Inspiring thoughts from a prominent LDS philosopher and theologian:
“There is no joy in life, it seems to me, except the joy of creation. Creator is a name, an honored name, of Deity, and when God created man, he breathed into him part of his life, the urge to create, to build, to learn, to think, and to take old images and make them new. God has planted deeply in us the need to reproduce, to learn, and to build. When man is creative, he emerges from the prison of his own mind. He is no more a victim of circumstance, of the forces which are pressing upon him from all directions, but through the power of creation he builds his life anew, and the world in which he lives… Too often religion has been taught us and accepted as a conservative force in life, as something which saves man from himself and from his sins. Religion is a conservative and a saving force, but it must be more than that. It is also a dynamic force in life in harmony with man’s urge to create.

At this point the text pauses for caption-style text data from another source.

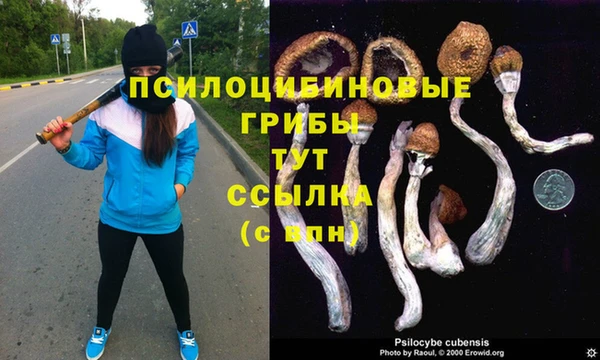 марихуана Кодинск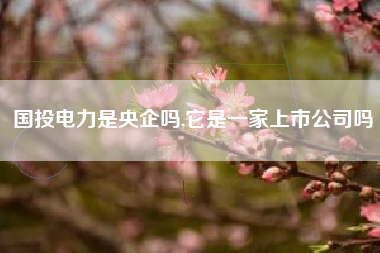 国投电力是央企吗,它是一家上市公司吗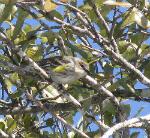 Yellow Rumped Warbler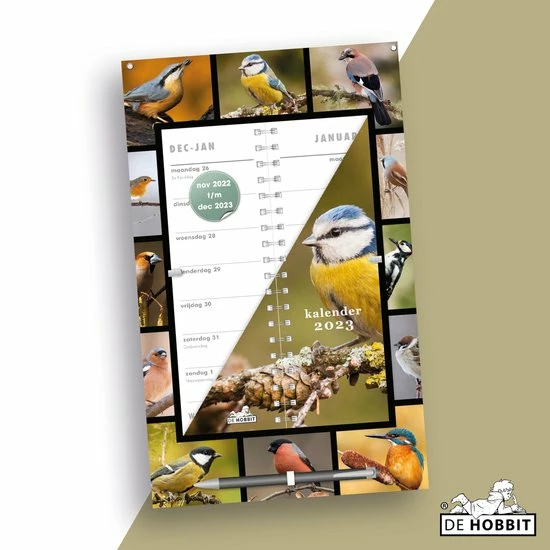 Beste recensies van โค๏ธ Uitgeverij De Hobbit BV Hobbit Omslagkalender Vogels 2023 ๐ 4 Beste recensies van โค๏ธ Uitgeverij De Hobbit BV Hobbit Omslagkalender Vogels 2023 ๐ - Afbeelding 2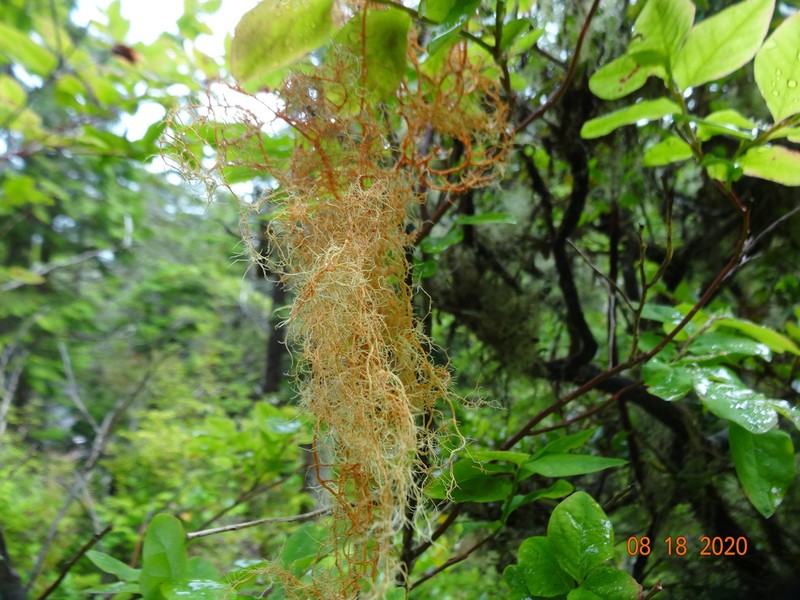 Beard Lichen photo 5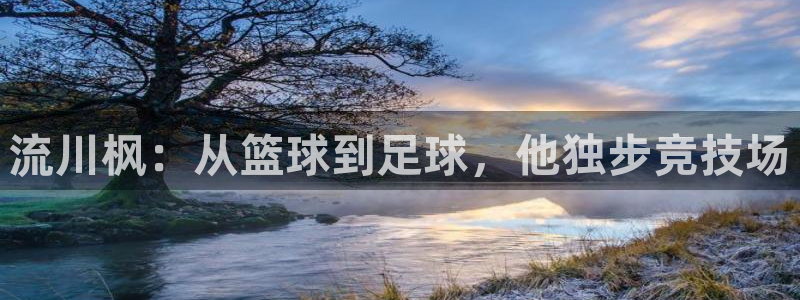 雨燕app官方下载iOS：流川枫：从篮球到足球，他独步竞技场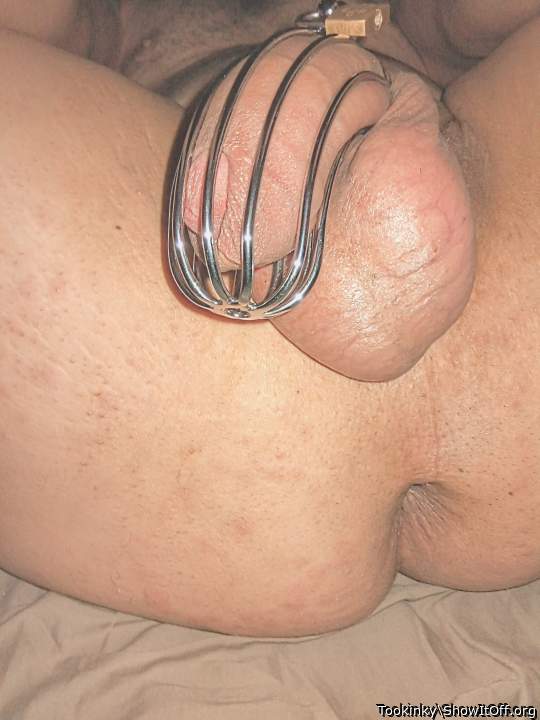 Testicles Photo from Tookinky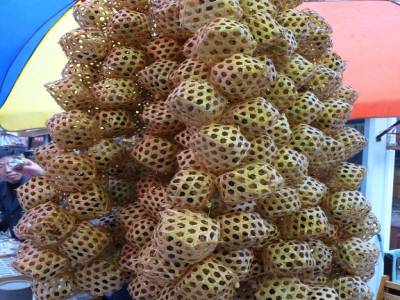 marche aux grillons et insectes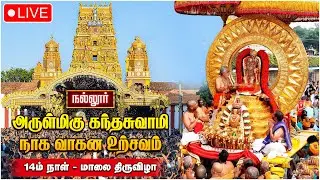 🔴LIVE: நல்லூர் கந்தசுவாமி கோவில் 14 ஆம் நாள் மாலை திருவிழா - Nallur Kandaswamy Temple Festival 2025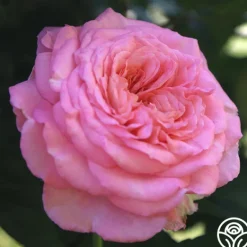 Heirloom Roses Sunbelt® Savannah Clearance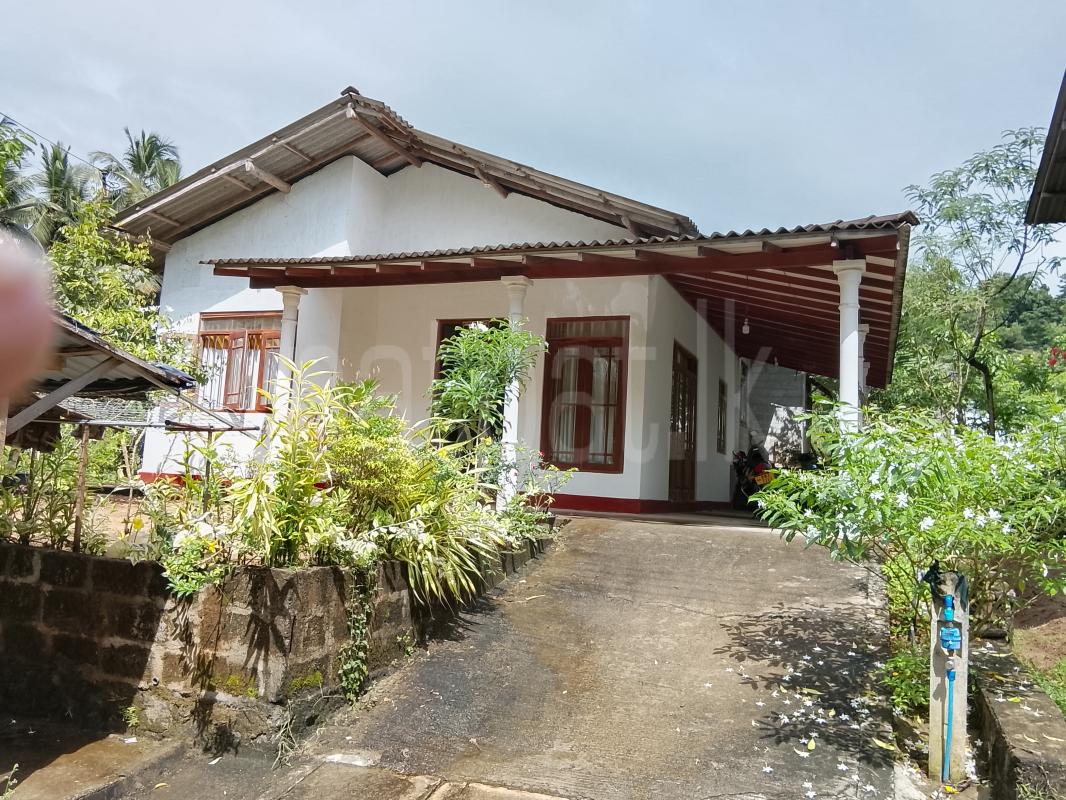 premium-listing-image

“The Prophet Joseph Smith was creative. Everything he touched became a new thing. In him was something of the curiosity of a child, the imagination of an artist, the practical zeal of a reformer, the idealism of a utopian, and the fire of a prophet. His theology is dynamic. He used religion to remake life. He also assigned to each of us a tremendously creative role to play in religion.”
Lowell Bennion, “Joseph Smith: His Creative Role in Religion,” in Best of Lowell L. Bennion: Selected Writings 1928-1988 (ed. Eugene England; Deseret Book: Salt Lake City, 1988), 56.